* **Required work**: The line containing "Now, brushes are" marks the end; return exactly every line from the start of the records up to and including it, but no pictures.

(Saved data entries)
[Start of section]
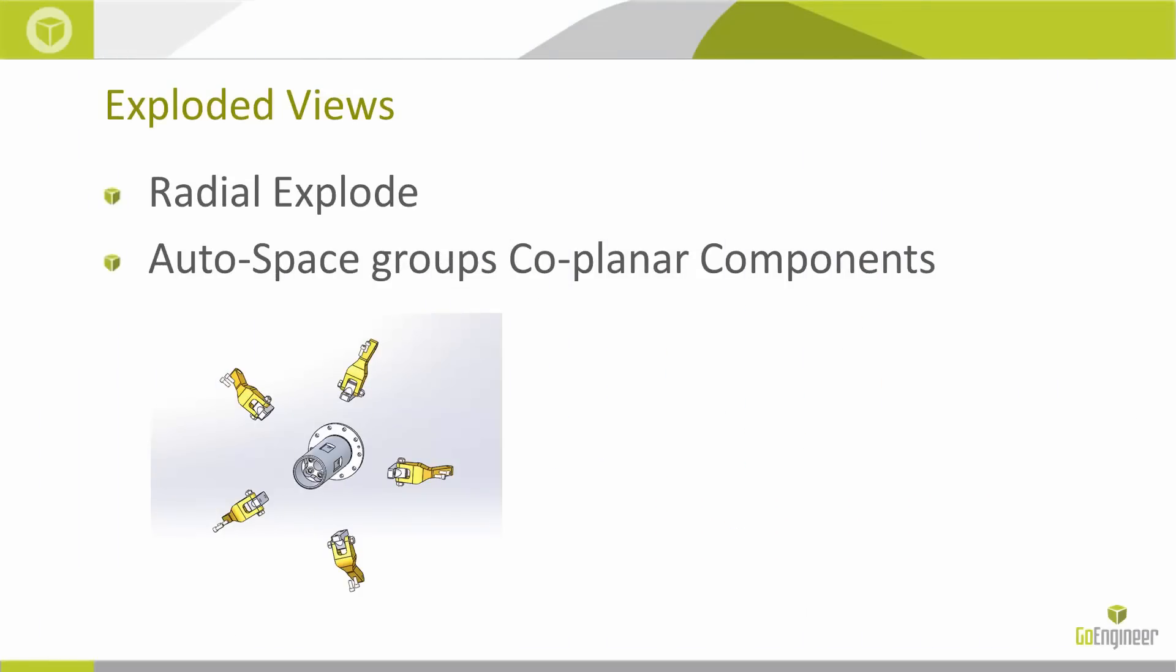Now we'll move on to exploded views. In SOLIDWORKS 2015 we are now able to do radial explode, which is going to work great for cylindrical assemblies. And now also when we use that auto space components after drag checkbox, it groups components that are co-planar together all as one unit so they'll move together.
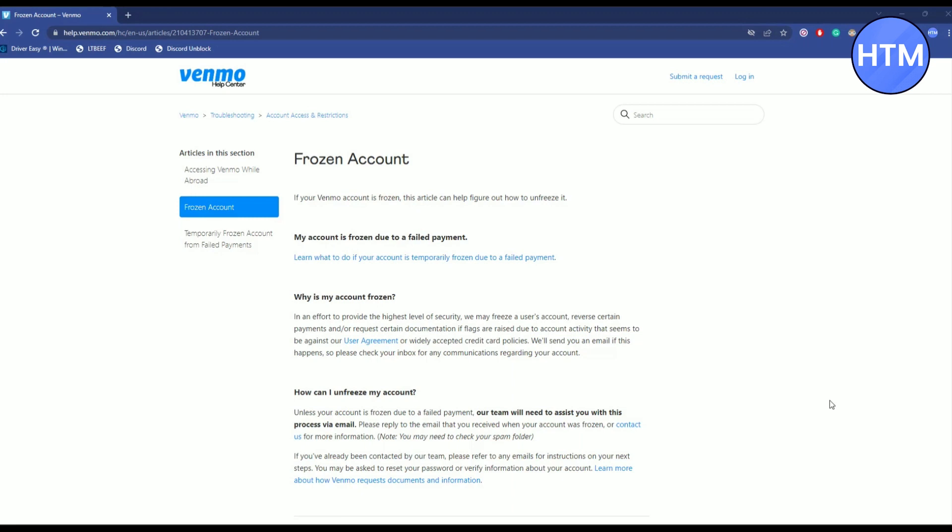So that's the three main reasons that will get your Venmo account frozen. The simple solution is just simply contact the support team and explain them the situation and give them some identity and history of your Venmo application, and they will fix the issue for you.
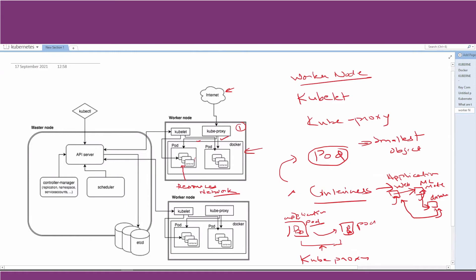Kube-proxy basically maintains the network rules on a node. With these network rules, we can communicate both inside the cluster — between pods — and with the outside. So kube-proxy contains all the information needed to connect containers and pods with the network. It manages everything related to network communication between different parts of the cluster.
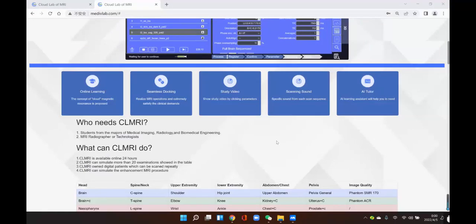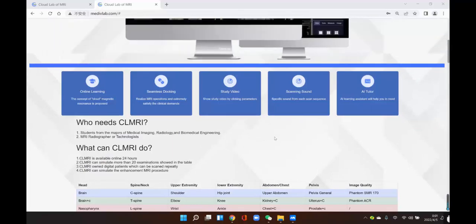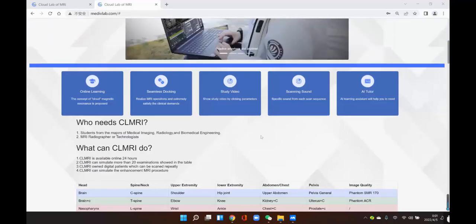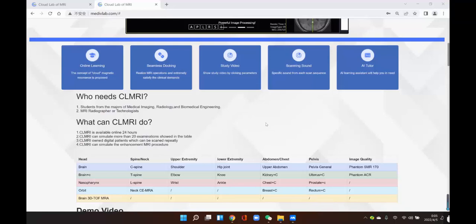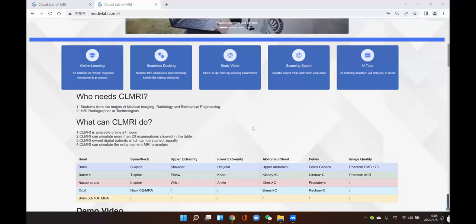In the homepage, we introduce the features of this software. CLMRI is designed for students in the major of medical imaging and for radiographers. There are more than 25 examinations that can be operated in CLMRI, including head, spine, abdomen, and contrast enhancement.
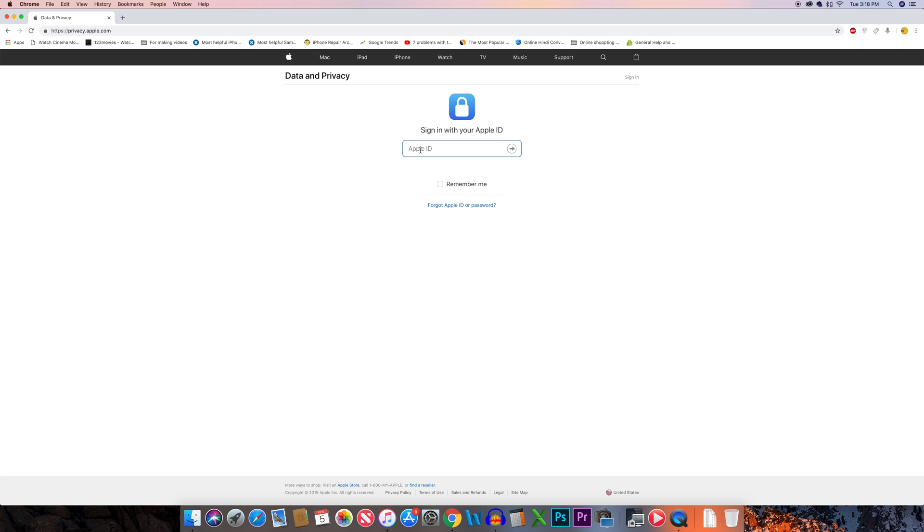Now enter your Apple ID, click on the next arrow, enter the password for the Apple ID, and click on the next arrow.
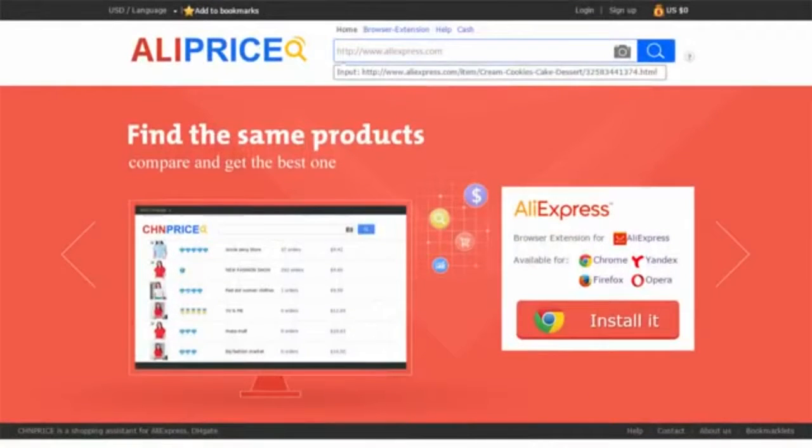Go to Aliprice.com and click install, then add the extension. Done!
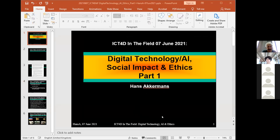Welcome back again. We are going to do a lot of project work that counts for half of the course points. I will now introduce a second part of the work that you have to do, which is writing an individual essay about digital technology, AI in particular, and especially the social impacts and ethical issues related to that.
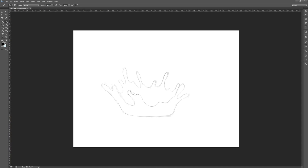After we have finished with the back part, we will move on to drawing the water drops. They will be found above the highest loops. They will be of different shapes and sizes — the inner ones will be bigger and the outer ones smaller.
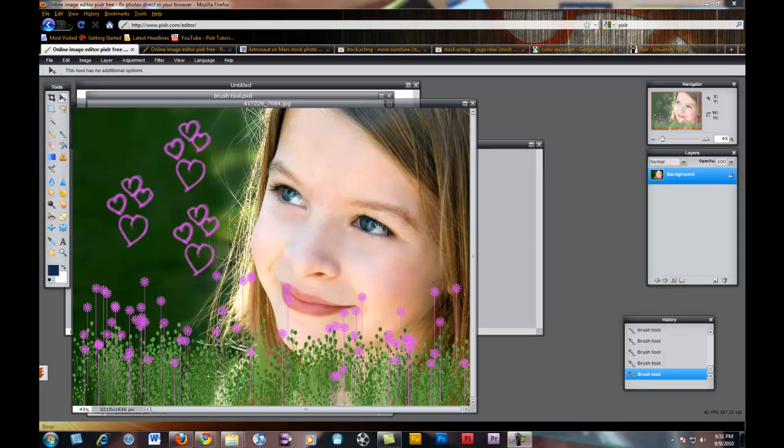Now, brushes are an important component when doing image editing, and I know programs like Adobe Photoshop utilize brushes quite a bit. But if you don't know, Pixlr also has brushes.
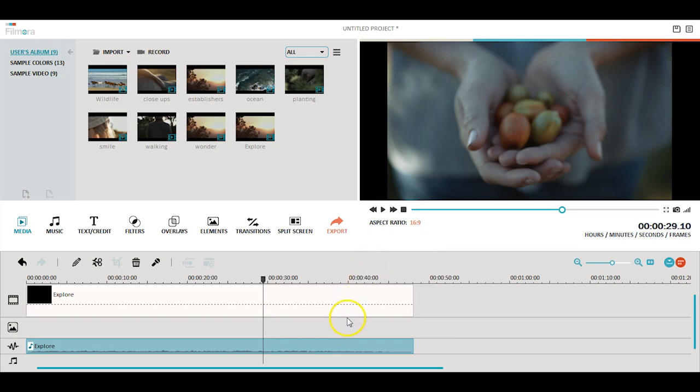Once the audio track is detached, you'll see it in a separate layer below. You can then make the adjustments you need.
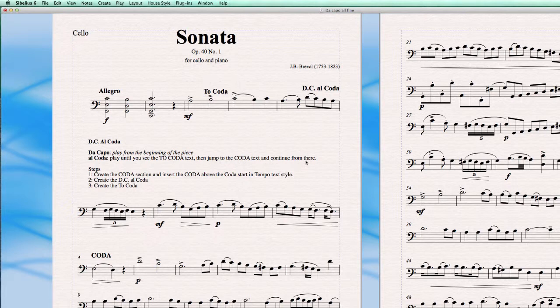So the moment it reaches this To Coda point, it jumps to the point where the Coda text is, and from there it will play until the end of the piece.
[End of section]
* **Problem solution**:
Now we'll move on to exploded views. In SOLIDWORKS 2015 we are now able to do radial explode, which is going to work great for cylindrical assemblies. And now also when we use that auto space components after drag checkbox, it groups components that are co-planar together all as one unit so they'll move together.
So that's the three main reasons that will get your Venmo account frozen. The simple solution is just simply contact the support team and explain them the situation and give them some identity and history of your Venmo application, and they will fix the issue for you.
Kube-proxy basically maintains the network rules on a node. With these network rules, we can communicate both inside the cluster — between pods — and with the outside. So kube-proxy contains all the information needed to connect containers and pods with the network. It manages everything related to network communication between different parts of the cluster.
In the homepage, we introduce the features of this software. CLMRI is designed for students in the major of medical imaging and for radiographers. There are more than 25 examinations that can be operated in CLMRI, including head, spine, abdomen, and contrast enhancement.
Now enter your Apple ID, click on the next arrow, enter the password for the Apple ID, and click on the next arrow.
Go to Aliprice.com and click install, then add the extension. Done!
Welcome back again. We are going to do a lot of project work that counts for half of the course points. I will now introduce a second part of the work that you have to do, which is writing an individual essay about digital technology, AI in particular, and especially the social impacts and ethical issues related to that.
After we have finished with the back part, we will move on to drawing the water drops. They will be found above the highest loops. They will be of different shapes and sizes — the inner ones will be bigger and the outer ones smaller.
Now, brushes are an important component when doing image editing, and I know programs like Adobe Photoshop utilize brushes quite a bit. But if you don't know, Pixlr also has brushes.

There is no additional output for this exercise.